Ahaha questo è verissimo, per chi ha sulla trentina è assolutamente così, si è passati dal guardare i "pornazzi" sulle tv regionali di notte (quelli con i numeri in sovraimpressione) a programmi come questa roba qui che agli inizi poteva pure creare curiosità per via delle passere ma poi col tempo hanno fatto l'effetto posto, infatti anche io se vedo il bombone biondo rifatto ho il vomito che mi viene su, un esempio perfetto? la Cipriani, o barbie varie, c'è da dire che qui in Italia con Berlusca abbiamo sempre visto tanta passera in tv, ballerine di Sarabanda incluse alle 7 di sera, un mix quasi perfetto tra comicità e passera col risultato che i programmi comici non tirano più, la D'Urso è ultrasessantenne e in caduta libera e le passere sono state vestite o tolte (io ricordo pure programmi come Veline in estate, per scegliere un paio di tizie, roba assurda la tv, davvero..).


Divoratore Di Stelle ha scritto:


> Non sarà mai la Pupa e il Secchione senza Sgarbi e Mussolini...........


Sgarbi presidente della repubblica sarebbe fantastico, il discorso di fine anno poi sarebbe qualcosa da salvare seduta stante per non favorire la censura che gli verrebbe fatta.


----------



## fabri47 (20 Gennaio 2022)

Raryof ha scritto:


> Ahaha questo è verissimo, per chi ha sulla trentina è assolutamente così, si è passati dal guardare i "pornazzi" sulle tv regionali di notte (quelli con i numeri in sovraimpressione) a programmi come questa roba qui che agli inizi poteva pure creare curiosità per via delle passere ma poi col tempo hanno fatto l'effetto posto, infatti anche io se vedo il bombone biondo rifatto ho il vomito che mi viene su, un esempio perfetto? la Cipriani, o barbie varie, c'è da dire che qui in Italia con Berlusca abbiamo sempre visto tanta passera in tv, ballerine di Sarabanda incluse alle 7 di sera, un mix quasi perfetto tra comicità e passera col risultato che i programmi comici non tirano più, la D'Urso è ultrasessantenne e in caduta libera e le passere sono state vestite o tolte (io ricordo pure programmi come *Veline in estate*, per scegliere un paio di tizie, roba assurda la tv, davvero..).
> 
> Sgarbi presidente della repubblica sarebbe fantastico, il discorso di fine anno poi sarebbe qualcosa da salvare seduta stante per non favorire la censura che gli verrebbe fatta.


Che bomba l'ultima edizione del 2012. E quanti piedi scalzi durante gli stacchetti  . Storia della televisione per me <3 .


----------



## Maurizio91 (20 Gennaio 2022)

Andris ha scritto:


> ho paura a chiederlo ma chi è federico fashion style ?


L'ho cercato su Google.
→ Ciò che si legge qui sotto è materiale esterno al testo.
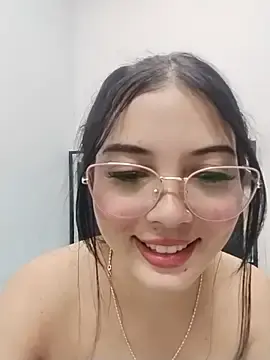 Stripchat Sex Cam of Valeria_allurin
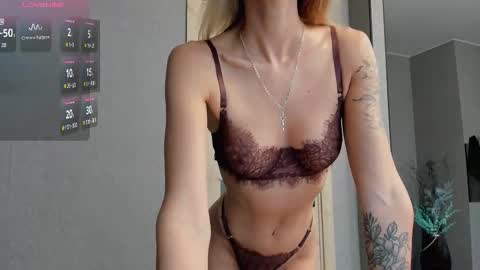 Snapshot of vvalkyriee chatting on November 2025 10:37:01 AM vvalkyriee online show from November 2025 10:37:01 AM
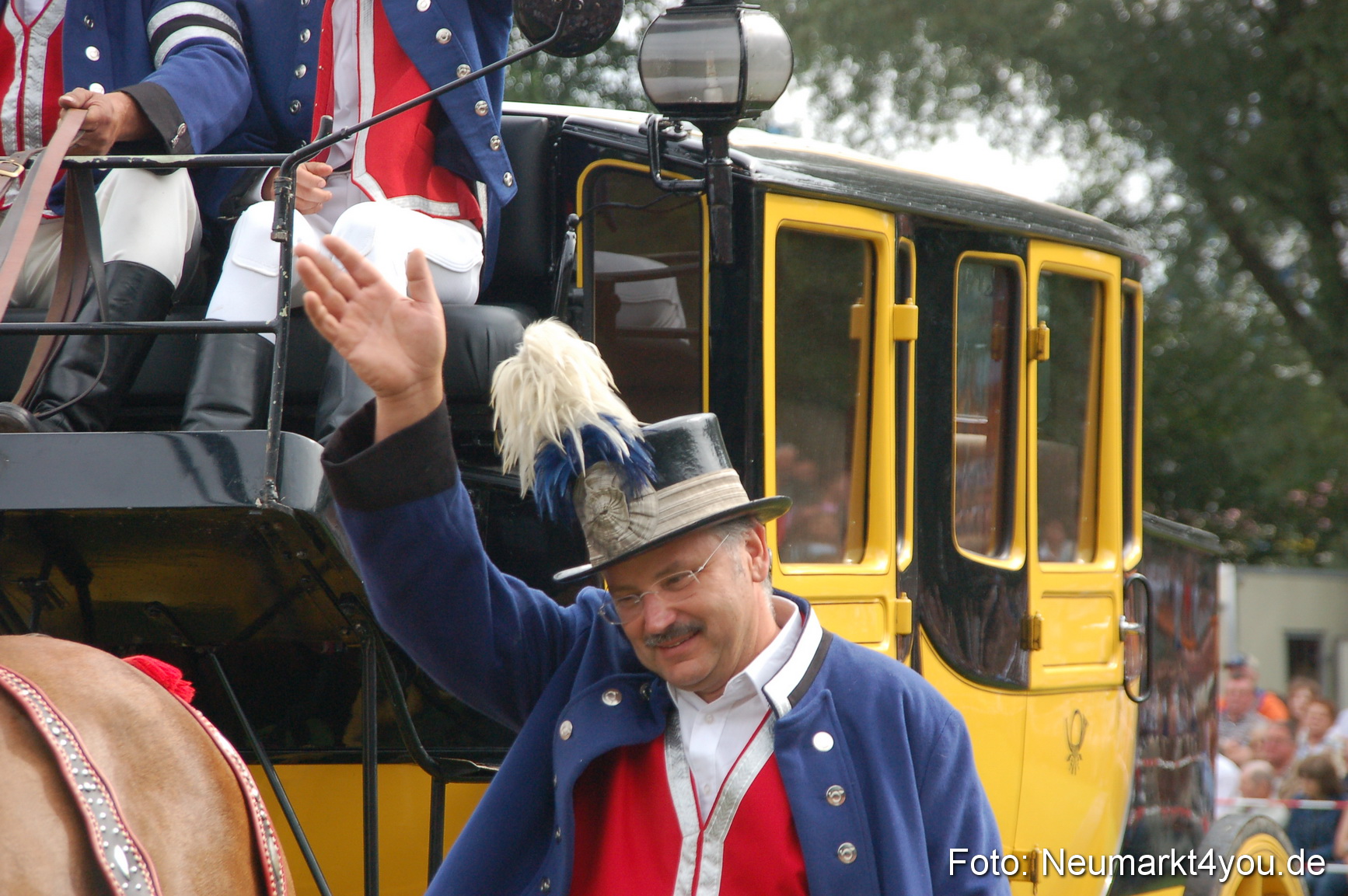 0422 Pferde Fohlenschau 200807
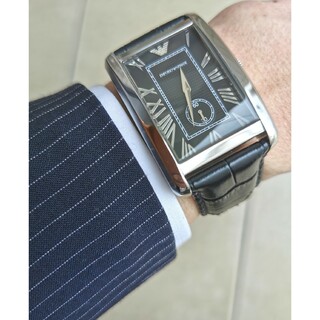 エンポリオアルマーニ(Emporio Armani)のアルマーニ　長方形のメンズ腕時計　黒(腕時計(アナログ))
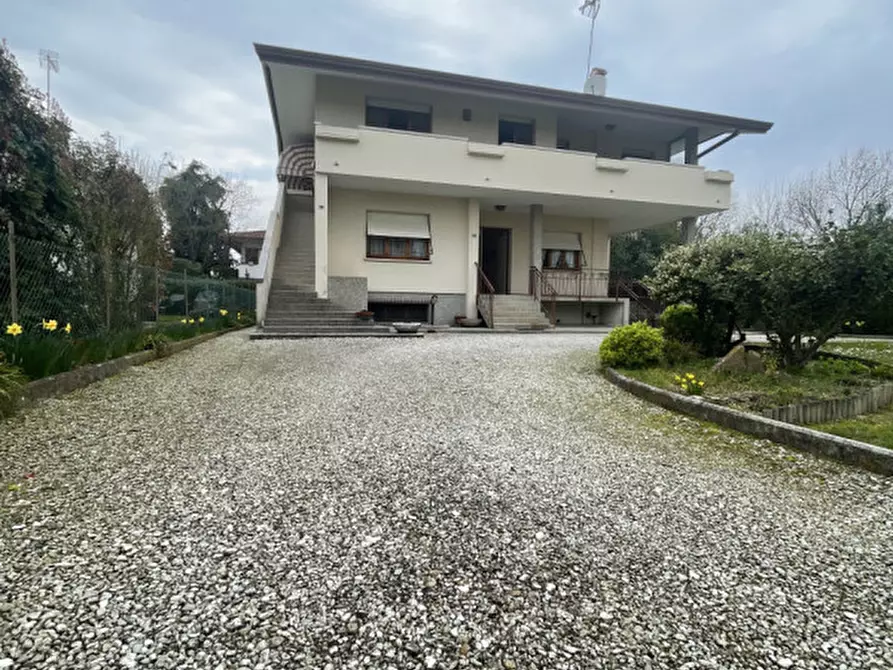 Immagine 2 di Casa bifamiliare in vendita  in Via Francesco de Sanctis a Cordenons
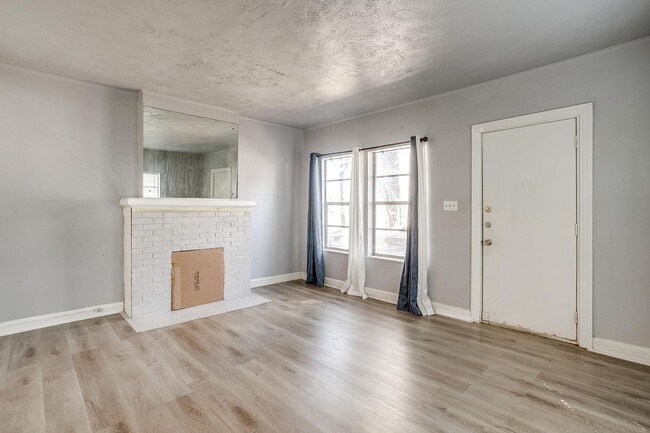 Building Photo - 2604 Bomar Ave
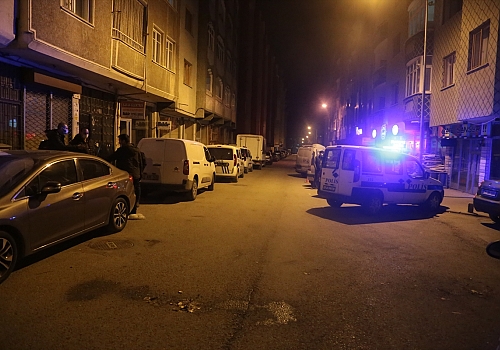 Erzurum'da kapalı olması gereken kahvehanedeki 17 kişiye idari işlem uygulandı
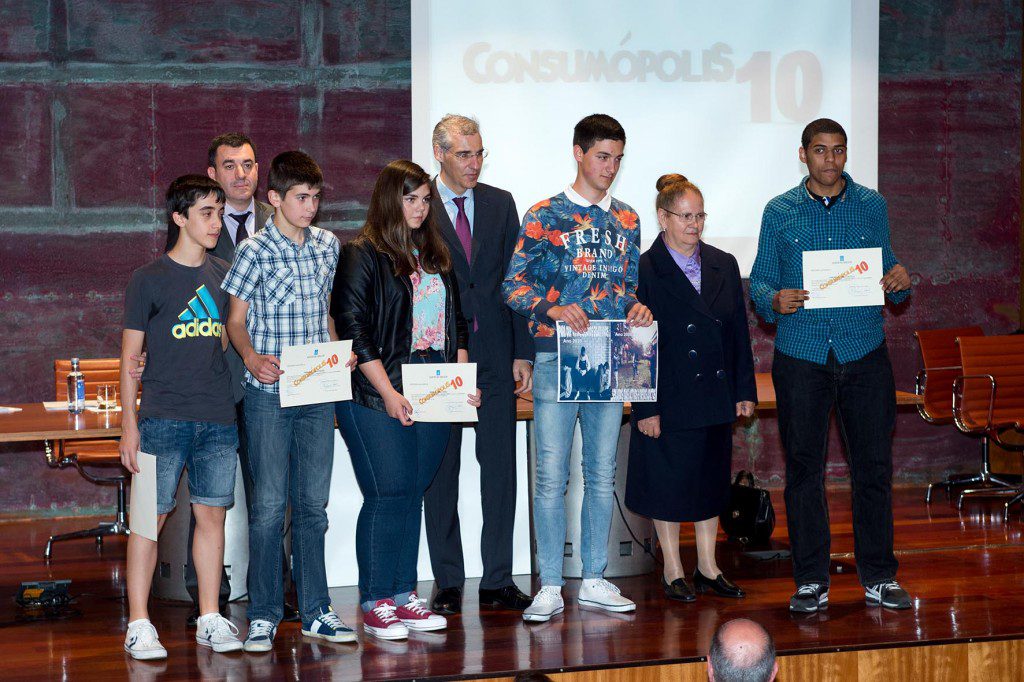 Francisco Conde e o conselleiro de Cultura, Educación e Ordenación Universitaria, Román Rodríguez, entregarán os premios do concurso escolar de consumo responsable Consumópolis. No salón de actos do Instituto Galego de Vivenda e Solo (Área Central, s/n). foto xoán crespo 26/05/15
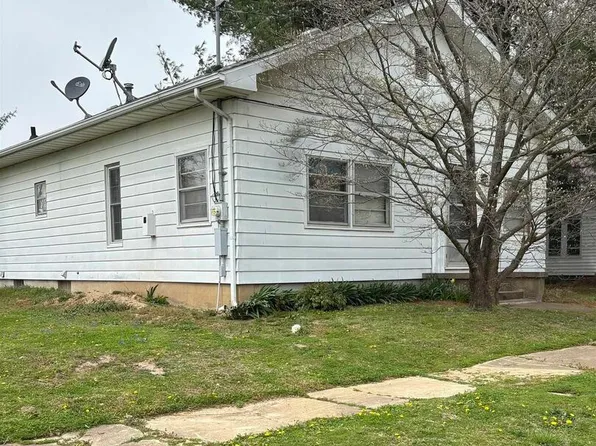 303 S Emma St, Christopher, IL 62822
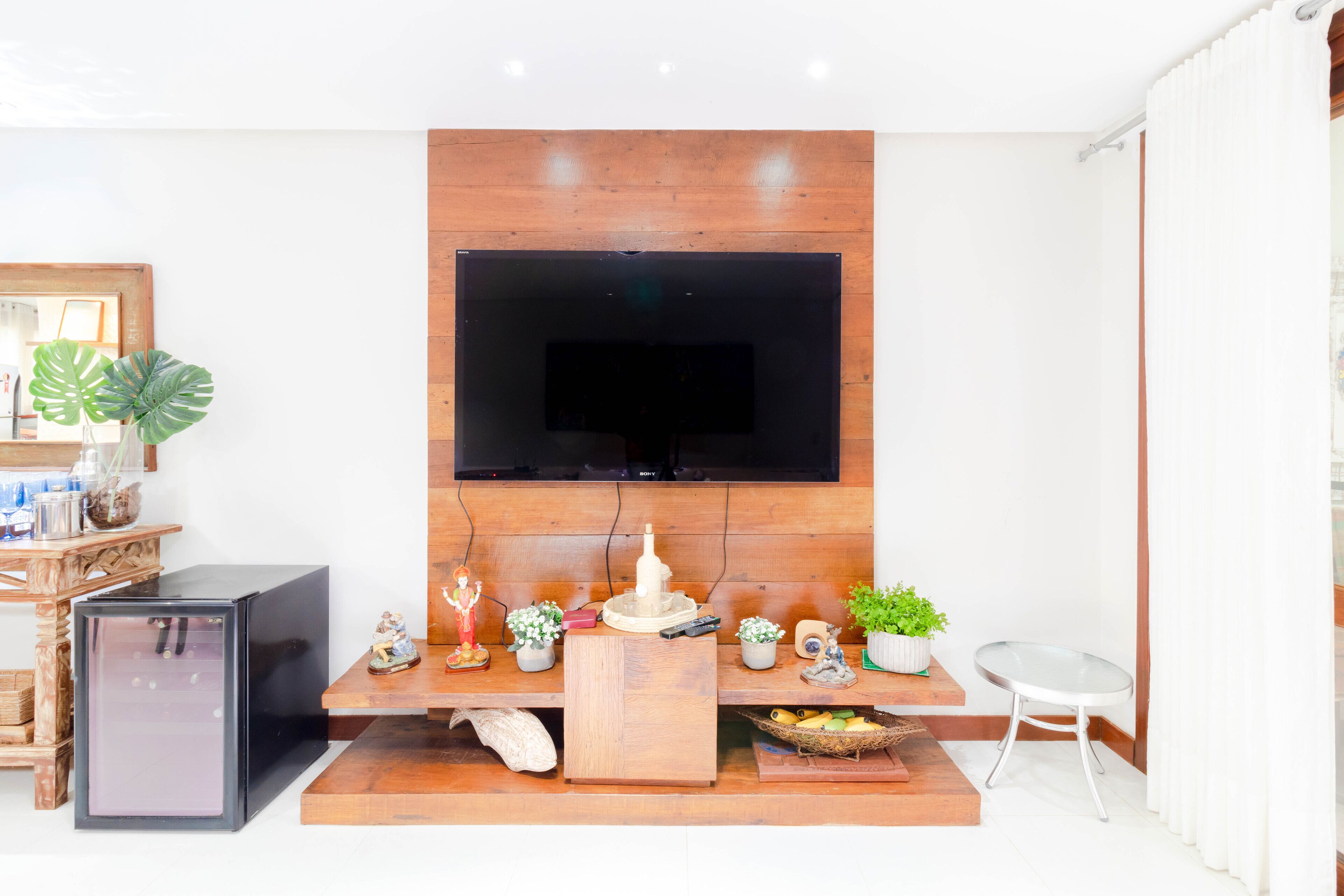 Apartment | Living area | 32-inch TV with digital channels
E' il tizio visto in tv con la barba stampata o qualcosa del genere. Ha un sito dove vende "prodotti" come le "ciglia magnetiche". Ci sono anche profumi, fermagli e mollette. Nella pagina di un profumo è in foto con Nina Moric, e c'è la scritta "nuovo profumo Hedoné. Una sensualità animale ed una scia felina".
Ah, ha oltre un milione di "followers" su "Instagram".


----------



## fabri47 (8 Febbraio 2022)

*Il programma parte ufficialmente il 15 marzo con il titolo "La Pupa e il Secchione Show".
Ecco il promo:*


----------



## willcoyote85 (8 Febbraio 2022)

nelle ultime edizioni al'aperto c'erano delle gran raccomandate che non erano neanche tanto fighe.
alcune davvero mediocri.
inoltre pilotavano le eliminazioni con le domande finali più facili o difficili a seconda del soggetto.
spero si torni un po' a quel che era 15 anni fa.


----------



## Hellscream (8 Febbraio 2022)

willcoyote85 ha scritto:


> nelle ultime edizioni al'aperto c'erano delle gran raccomandate che non erano neanche tanto fighe.
> alcune davvero mediocri.
> inoltre pilotavano le eliminazioni con le domande finali più facili o difficili a seconda del soggetto.
> *spero si torni un po' a quel che era 15 anni fa.*


Sogna


----------



## fabri47 (15 Marzo 2022)

È iniziato!


----------



## fabri47 (15 Marzo 2022)

Che gnocca illegale Soleil!!!


----------



## Swaitak (15 Marzo 2022)

fabri47 ha scritto:


> Che gnocca illegale Soleil!!!


è quella con le tettone?


----------



## kekkopot (15 Marzo 2022)

Andris ha scritto:


> ho paura a chiederlo ma chi è federico fashion style ?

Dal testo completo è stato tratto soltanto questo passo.